Repeat only what runs from the line with "Coque Samsung Galaxy" through the last line of the data below, both included, keeping every word as it is and leaving out the pictures.

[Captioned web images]
——————

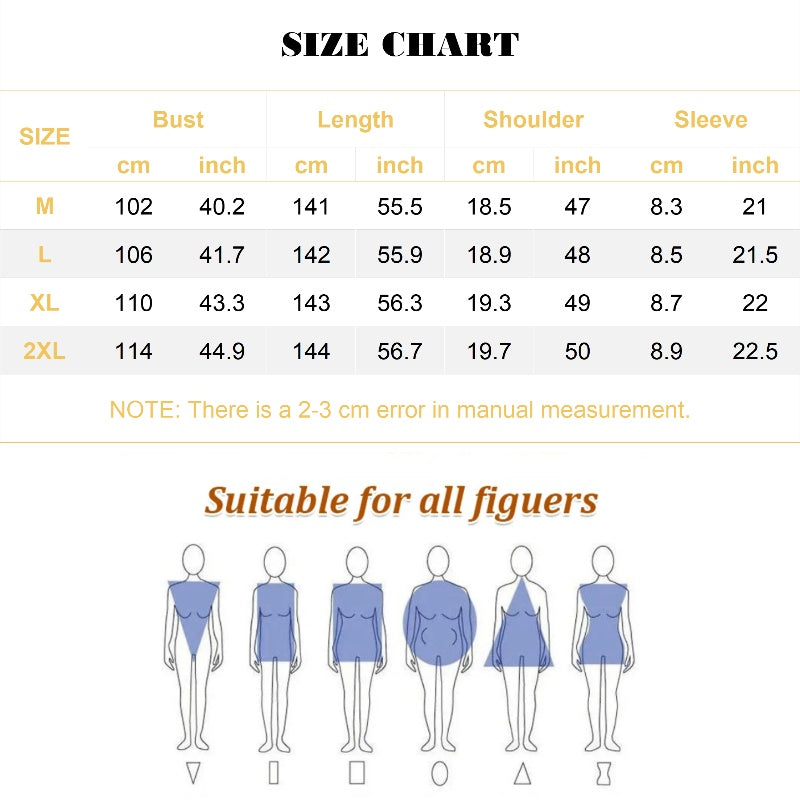 🌞 FLASH SALE 50% OFF ! 👗 Casual Loose Printed V-Neck Long Dress – Polyester – Lightweight & Split Hem for Summer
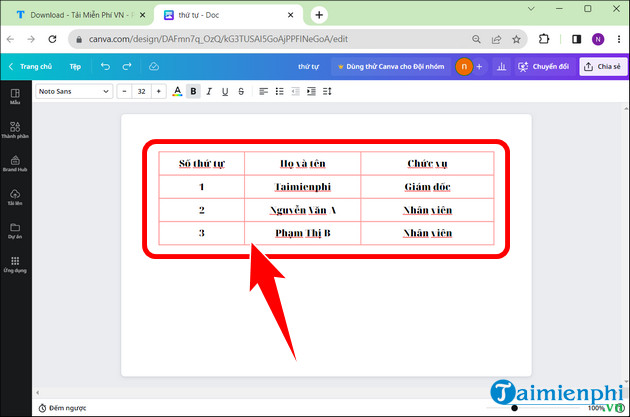 Maintain Formatting When Copying Tables from Word to Canva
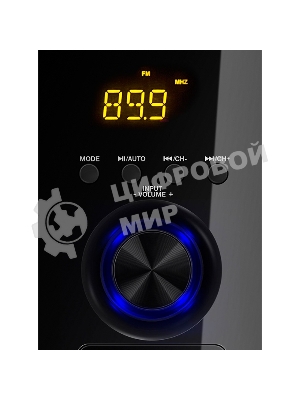 Акустическая система SVEN MS-2050 черный (2x12,5W + Subwoofer 30W, дерево, USB, SD, FM, ПДУ, Bluetooth)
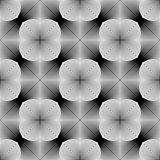 Design seamless monochrome illusion pattern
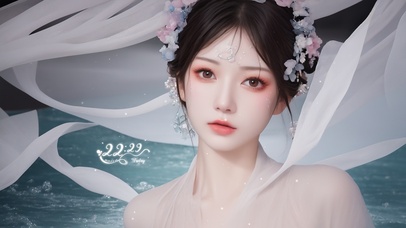 4K唯美古风仙女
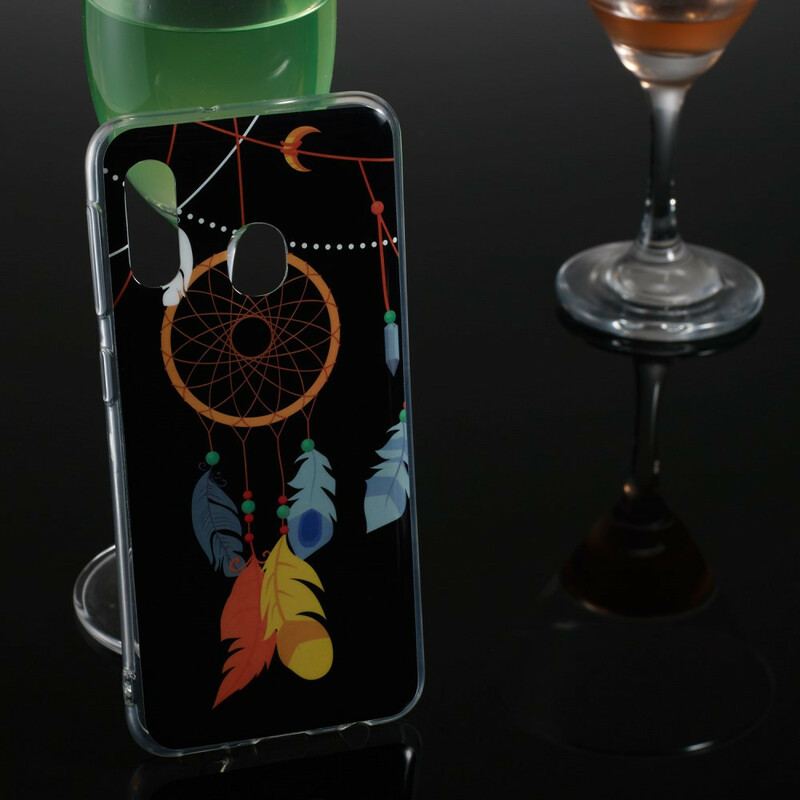 Coque Samsung Galaxy A20e Attrape Rêves Unique Fluorescente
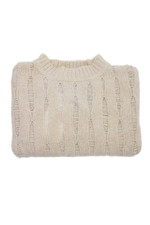 Zara Girls Long Sleeve Round Neck Knit Sweater Nude Size 12Y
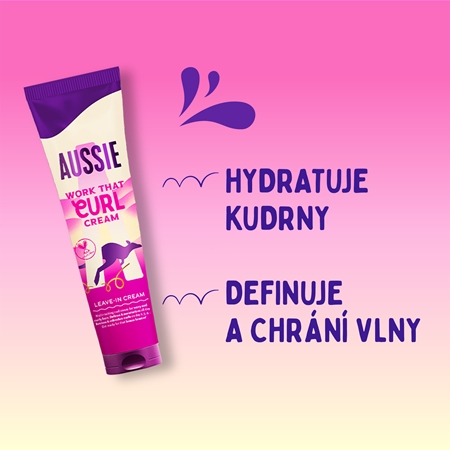 Aussie Bouncy Curls Work That Curl bezoplachový krém pro vlnité a kudrnaté vlasy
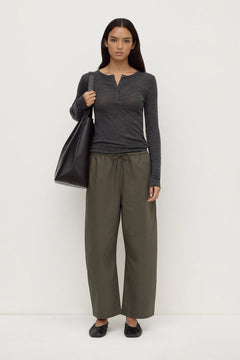 Amara Pant Dark Military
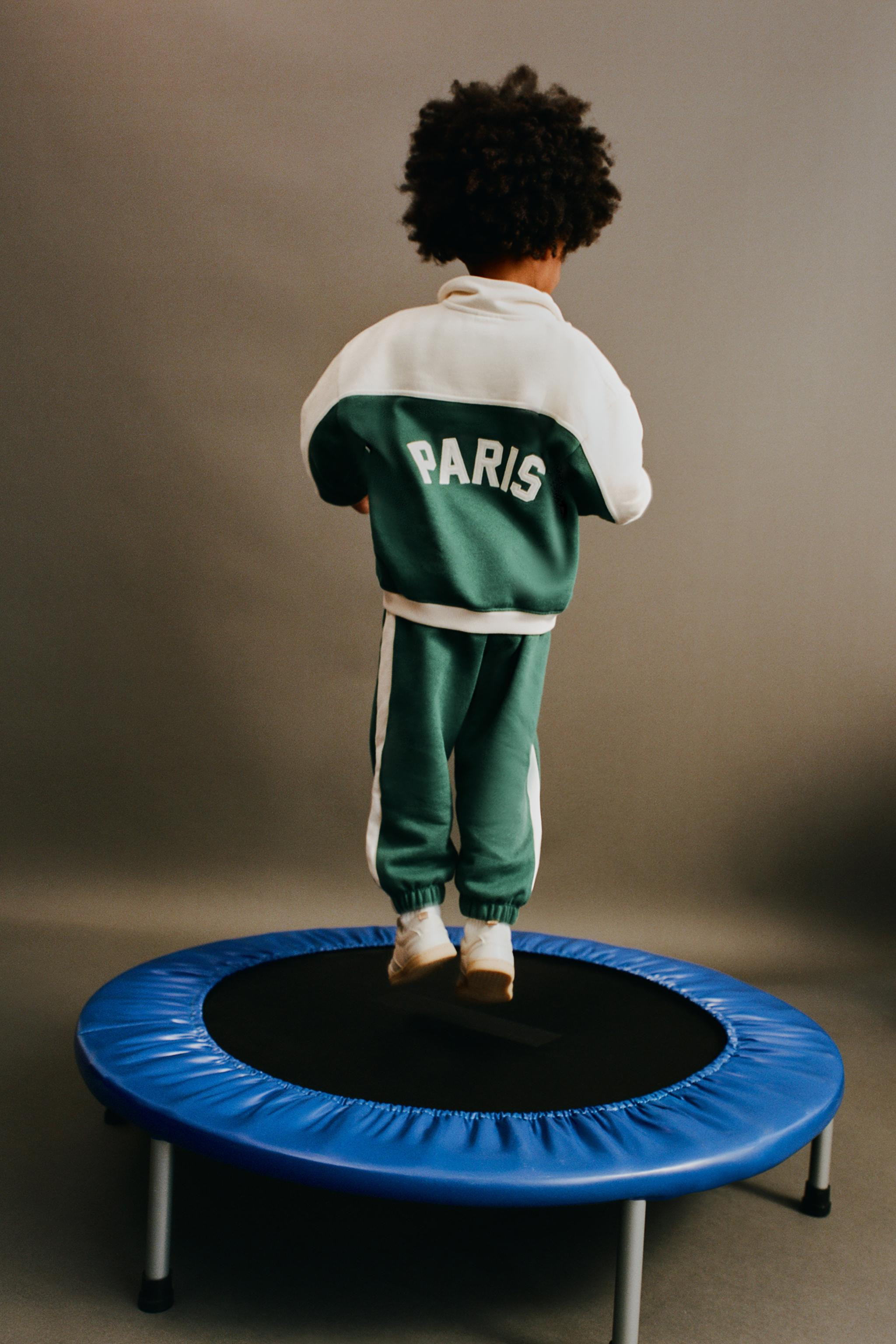 EMBROIDERED TEXT DETAIL JOGGER PANTS | Zara US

——————

## TASK SOLUTION
 Coque Samsung Galaxy A20e Attrape Rêves Unique Fluorescente
 Zara Girls Long Sleeve Round Neck Knit Sweater Nude Size 12Y
 Aussie Bouncy Curls Work That Curl bezoplachový krém pro vlnité a kudrnaté vlasy
 Amara Pant Dark Military
 EMBROIDERED TEXT DETAIL JOGGER PANTS | Zara US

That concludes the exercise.